So a few years back, I had a bit of a medical scare. Strange, unexplainable bloating in my abdomen that turned out to be two large ovarian cysts. It was extra stressful because I took a blood test that looks for cancer markers in your blood, and it came back positive. On top of that, PDmom and PDmil made it all about them, as you can imagine. (PDmil demanded she be allowed to come to the surgery -- H put the kibosh on that, thankfully -- and kept listing all of the people she's known who have died from ovarian cancer.)

The surgery went well. The biopsy on the cysts came back negative -- it turns out I have a chronic illness that can induce a false positive on the cancer marker test. My surgeon was able to leave both ovaries intact. All is well.

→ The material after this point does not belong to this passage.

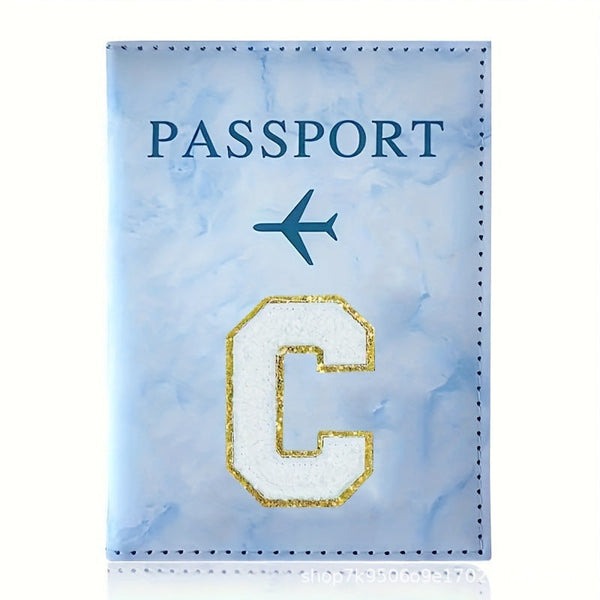 Fashion Initial Letter Passport Holder Stylish Travel Wallet Cover With Alphabet Pattern Design Travel Wallets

This was relayed and explained to MIL, but at some point maybe a year following my surgery, she said to my husband, out of the blue, "I'm sorry you can't have children." My husband was simultaneously baffled and also so deep in gray rock that he didn't ask her WTF she was talking about.

So now it's been a few years, and suddenly the comment has resurfaced -- PDmil's brother just had his first grandchild, and every time this baby comes up, MIL "apologizes" to my husband that we "can't have kids."

All along, I've been assuming that MIL must have read up on my chronic illness and noted that it's a common cause of fertility issues and just leaped to the conclusion that this is why we don't have kids. But my husband and I were discussing this recently, and I brought up this explanation, and he said no, that's not what he thinks is going on.

H: I think she thinks you had a hysterectomy.
Me: Uhhh... why would she think that?
H: Well when I was a kid, my stepmom had to have surgery. My mom, for some reason, decided it was a hysterectomy, even though I told her it wasn't. I mean, my stepmom got pregnant not long after that, so it was definitely not a hysterectomy.

:aaauuugh: :aaauuugh: :aaauuugh:

Part of me is shocked that she is this unhinged, but if I'm honest, this is classic MIL:

  • a novel/unexpected event happens (surgery! possible cancer diagnosis!!!)
  • event is wrapped up in somewhat anticlimactic fashion (I'm perfectly fine.  >:()
  • disappointed in the anticlimax, MIL begins fantasizing about what COULD have happened (I could have DIED! or had a hysterectomy and been rendered BARREN!)
  • enchanted with her fantasy version of events, MIL eventually forgets what actually happened. fantasy is now fact. (me = uterus-less.)
  • having forgotten the actual facts, MIL now has conversations with other people as if her fantasy version of events is real. ("I'm sorry you can't have kids.")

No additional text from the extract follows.